• Task instructions:
From the first line of the material below through the line containing "Land for sale in Bradden", print every line exactly as it stands, but no pictures.

• Data:
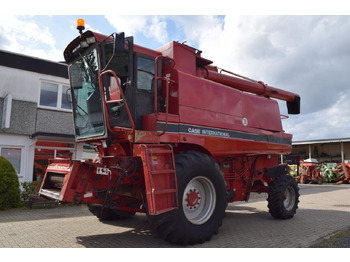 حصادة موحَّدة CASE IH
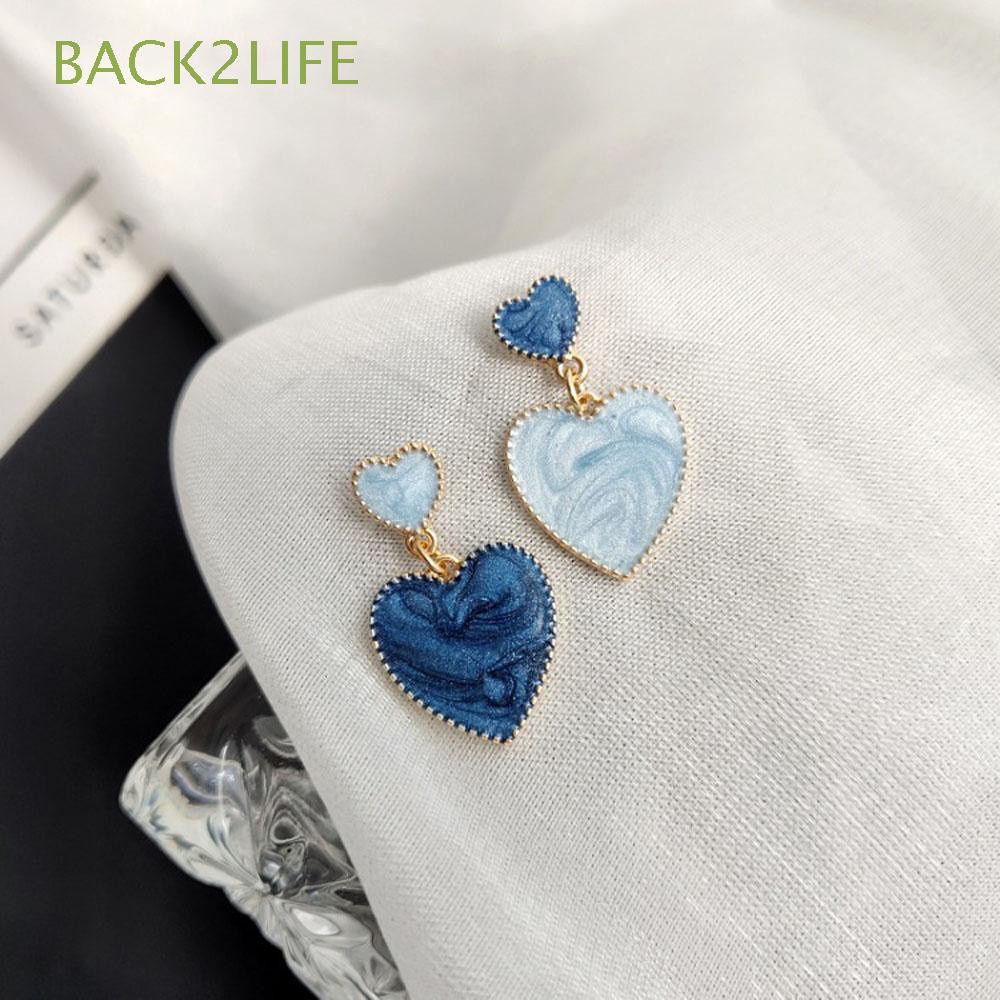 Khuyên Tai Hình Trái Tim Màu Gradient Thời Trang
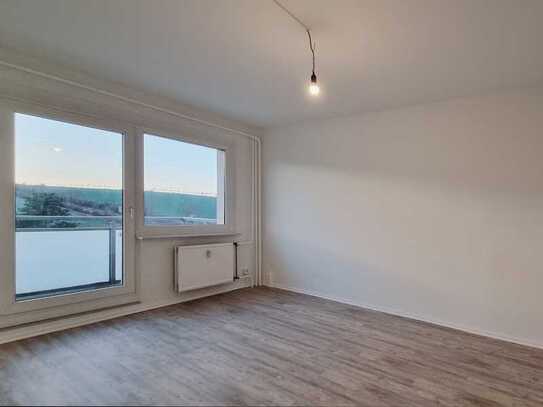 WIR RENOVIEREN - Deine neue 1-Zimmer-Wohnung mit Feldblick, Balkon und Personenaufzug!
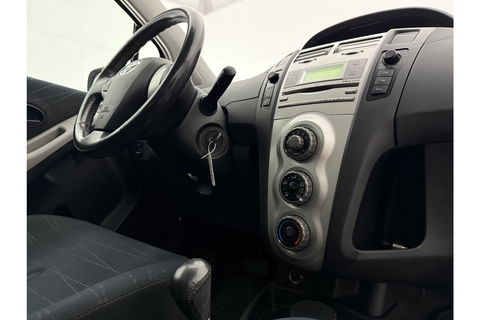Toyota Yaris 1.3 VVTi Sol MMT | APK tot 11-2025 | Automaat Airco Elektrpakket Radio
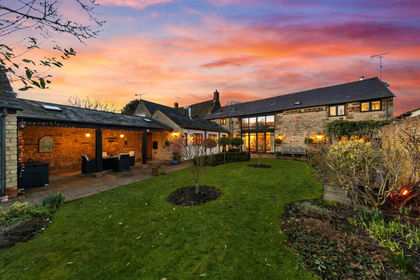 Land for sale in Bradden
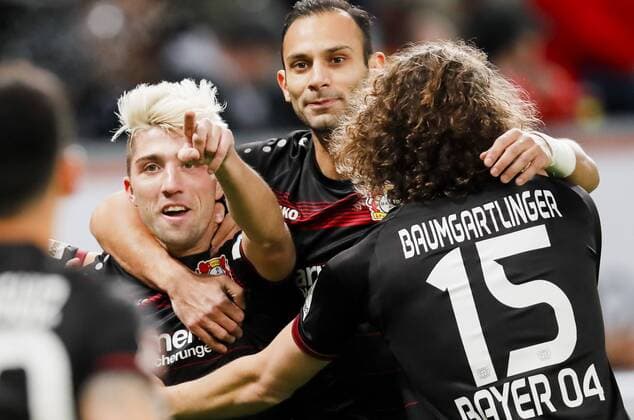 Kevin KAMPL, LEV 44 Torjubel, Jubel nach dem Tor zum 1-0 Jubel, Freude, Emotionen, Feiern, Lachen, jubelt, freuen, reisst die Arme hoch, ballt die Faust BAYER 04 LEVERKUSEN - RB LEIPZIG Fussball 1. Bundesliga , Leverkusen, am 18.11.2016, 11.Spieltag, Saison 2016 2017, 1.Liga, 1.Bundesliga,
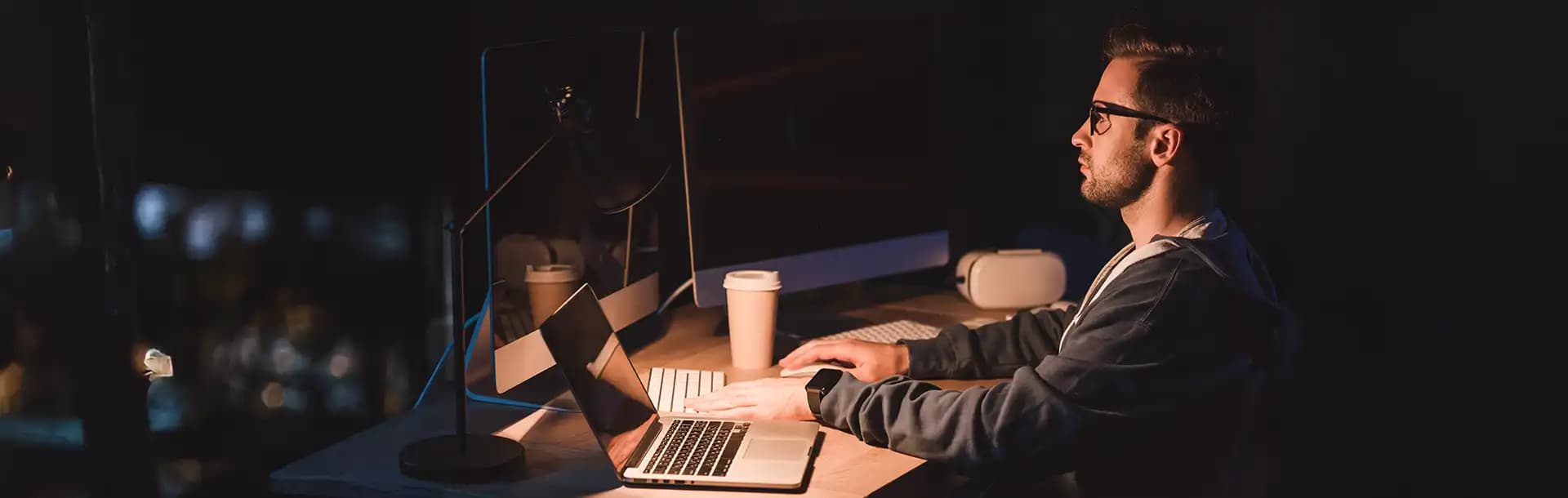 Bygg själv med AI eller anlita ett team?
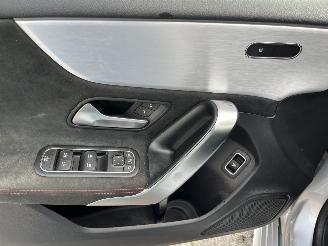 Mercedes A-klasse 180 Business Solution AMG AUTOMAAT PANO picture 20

• Exercise result:
 حصادة موحَّدة CASE IH
 Khuyên Tai Hình Trái Tim Màu Gradient Thời Trang
 WIR RENOVIEREN - Deine neue 1-Zimmer-Wohnung mit Feldblick, Balkon und Personenaufzug!
Toyota Yaris 1.3 VVTi Sol MMT | APK tot 11-2025 | Automaat Airco Elektrpakket Radio
 Land for sale in Bradden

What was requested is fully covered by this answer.